Google’s response on the story was awaited till the time of filing this story. The copy will be updated as and when they respond.
Challenging times
The digital revenue issue of publishers has many layers, each with its own complexities.
The impact of AI, for instance, is huge, suggests a WARC report released last week. Referring to a SEER Interactive analysis, the report noted, “Prior to AI Overviews (AIOs), publishers could expect around a 4% click-through rate from an organic Google search placement. However, Google searches are increasingly no-click, with 58.5% of US searches either leading to no further action or another search. Only a minority – around 36% of searches lead to the open web.”
The combined impact of AI-driven search and Google’s new policies is believed to have reduced organic visibility and diminishing ad impressions throughout 2024.
Moreover, CPM (Cost Per Mille) rates have not been increased over the years, instead dropped. In 1995, the online advertising landscape was in its infancy, with CPM (Cost Per Mille) rates averaging around $75 (approximately ?3,000 at that time) for web banner ads in the United States.
“In India, during the year 2000, CPM rates ranged between ?250 and above ?1,000, depending on the site's popularity.
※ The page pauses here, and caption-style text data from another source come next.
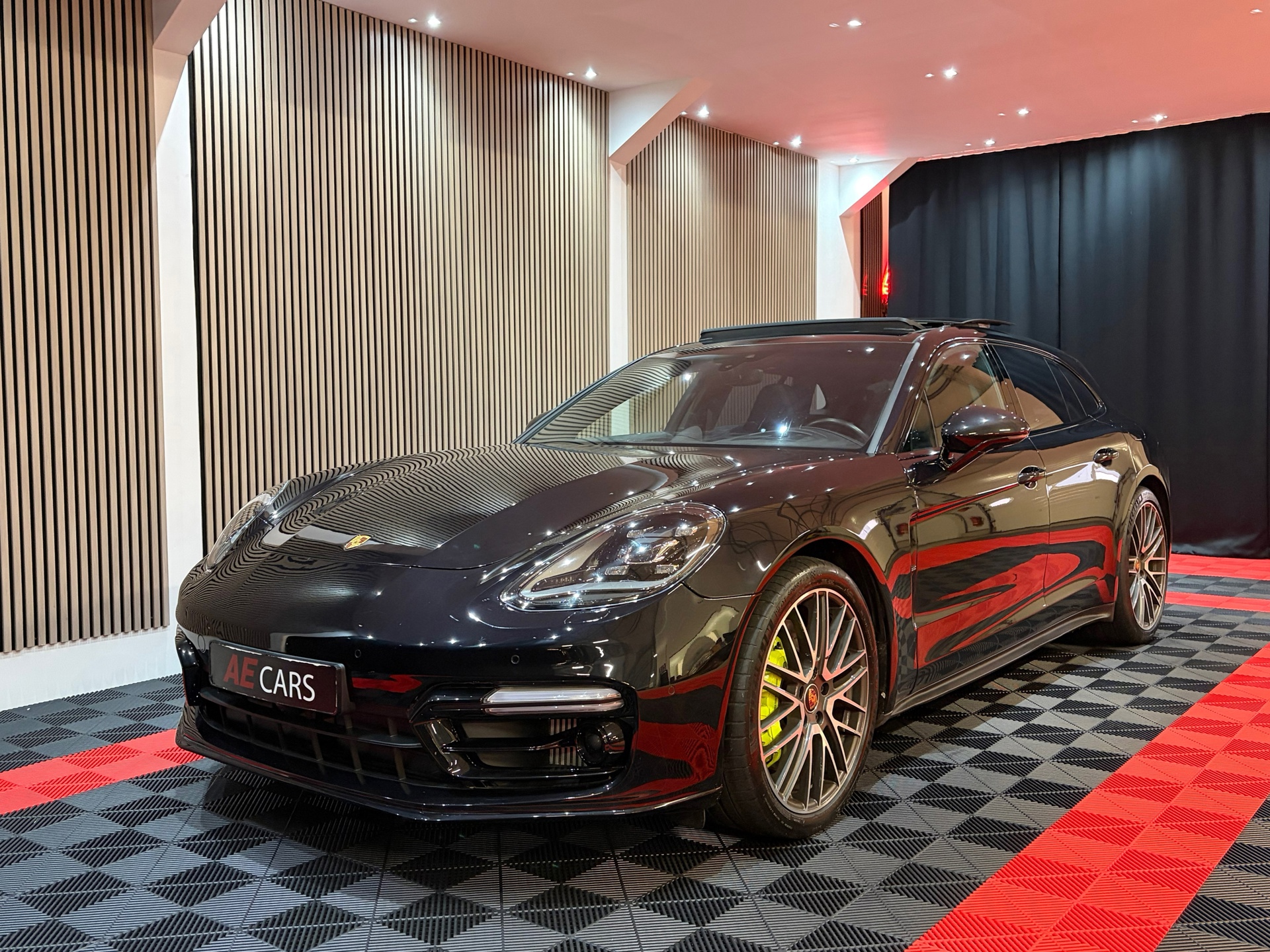 Porsche Panamera Sport Turismo 2.9 4 E-Hybrid Platinum Edition Chrono (2023), foto 10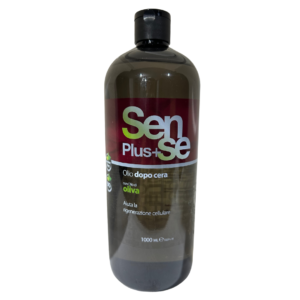 Olio dopo cera con olio di oliva 1000ml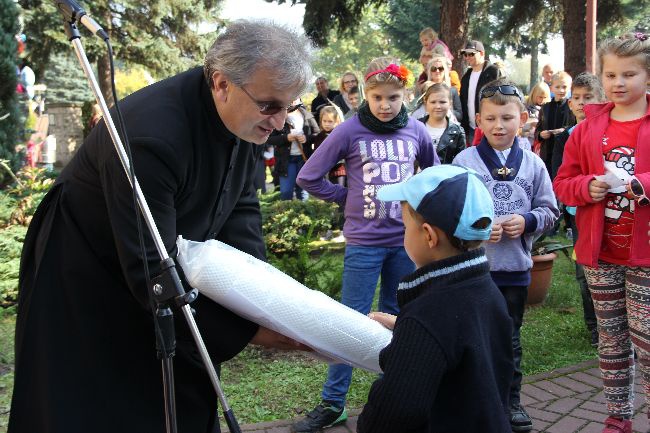 Terezjada w Mościcach 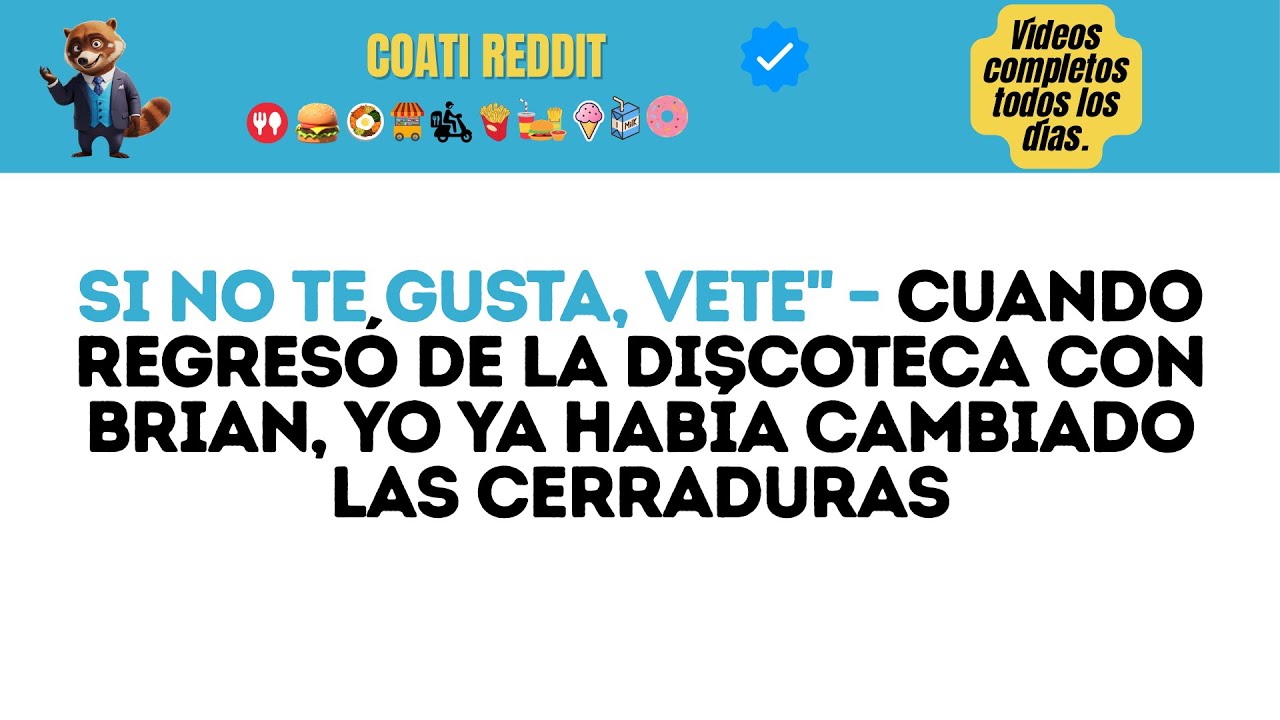 Si No Te Gusta Vete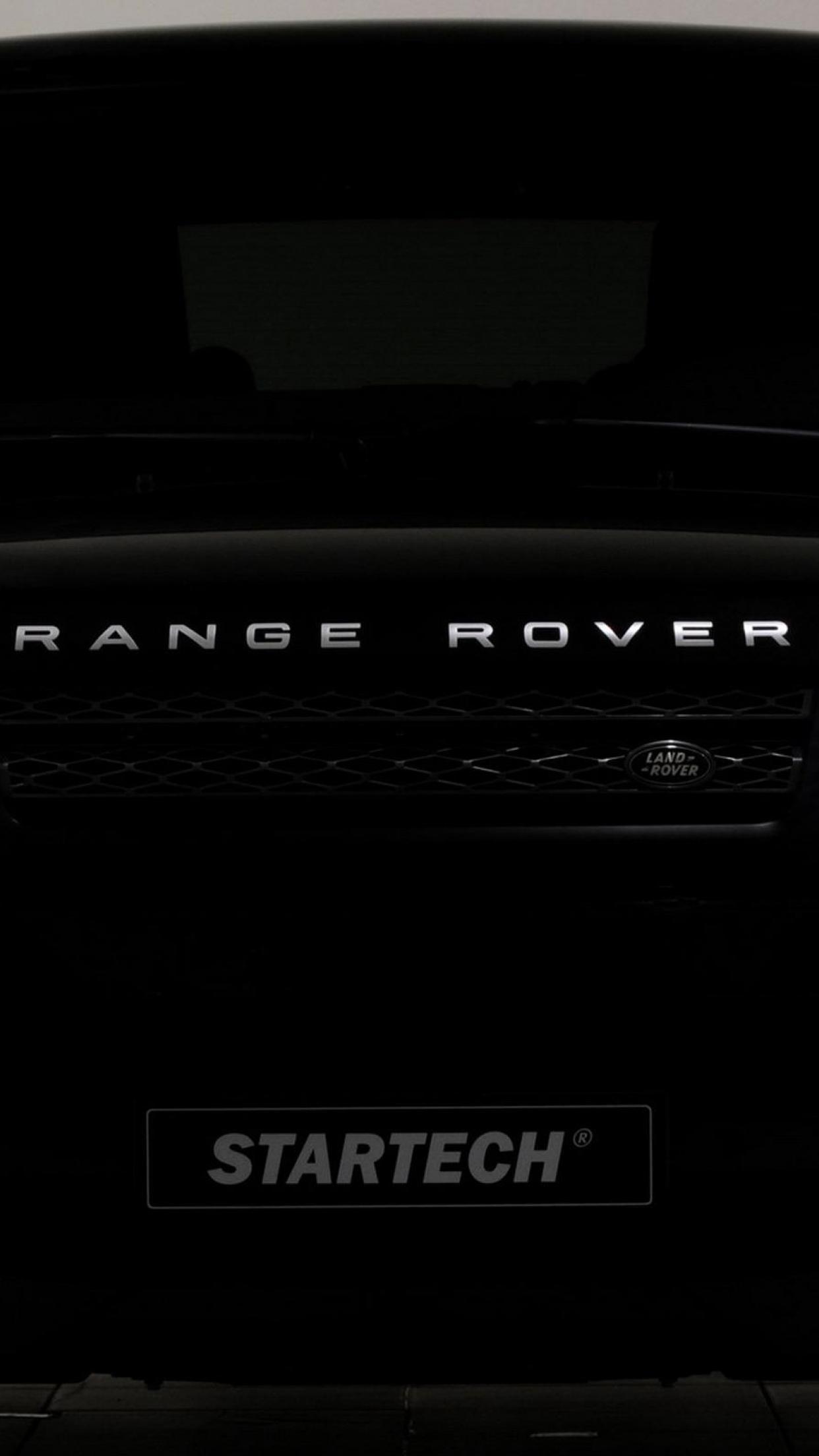 Land Rover Logo Wallpapers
Right now, in India, the average CPM for online banner ads now ranges from ?50 to ?150, influenced by factors such as ad format, platform, and targeting specifics”, experts say.
An executive shared, “The drop in the CPM rates can be attributed to the exponential increase in online ad inventory, driven by the proliferation of websites and digital platforms. As the supply of ad spaces expanded, the competition among publishers intensified, leading to more competitive pricing for advertisers.”
To make matters worse, click-through rates (CTRs) have also dropped over the years, instead of rising. “During early days of online advertising, click-through rates (CTRs) were high, sometimes around 40%. This was due to the novelty of internet ads and low ad saturation. Today, even the DVAP considers 0.3% CTR as acceptable. This shows how ad effectiveness has declined over time due to ad fatigue, saturation, and changing consumer behaviours”, industry experts say.
“This decline in traffic has the potential to affect programmatic advertising, which depends heavily on traffic volume. Lower impressions mean lower ad revenue—a major concern for publishers already struggling with tight margin,” said an expert.
With stiff competition and challenges mounting, it’s evident that publishers can no longer rely solely on advertising for financial sustainability. Many are already exploring new monetization strategies which include paywalls and premium memberships, Event Hosting, Branded Content and Native Advertising.
“Data Licensing is another revenue source. Some publishers are monetizing their consumer insights by offering anonymized data sets to advertisers and marketers,” said a publisher.
The Road Ahead
Digital news is expected to reach 70 crore users in India by 2026 across a diverse range of formats, according to a report by Dalberg Advisors. The average time Indian citizens spend consuming news content is also forecast to increase from 44 minutes per day in 2020 to 49 minutes in 2026, with much of this growth driven by time spent on digital news.
Digital has also facilitated access to Hindi and regional language news online, and consumption is expected to grow 6-8 times faster than English news — both in terms of the number of viewers and time spent, the report noted.
Amid these growth projections, it is clear that the advertising model for digital news publishers is undergoing a significant transformation.
“To thrive in this new era, publishers must embrace innovation, prioritize audience engagement, and diversify revenue streams. Those who adapt quickly and strategically will be best positioned to weather these headwinds and emerge stronger in the evolving digital ecosystem,” quips a media executive.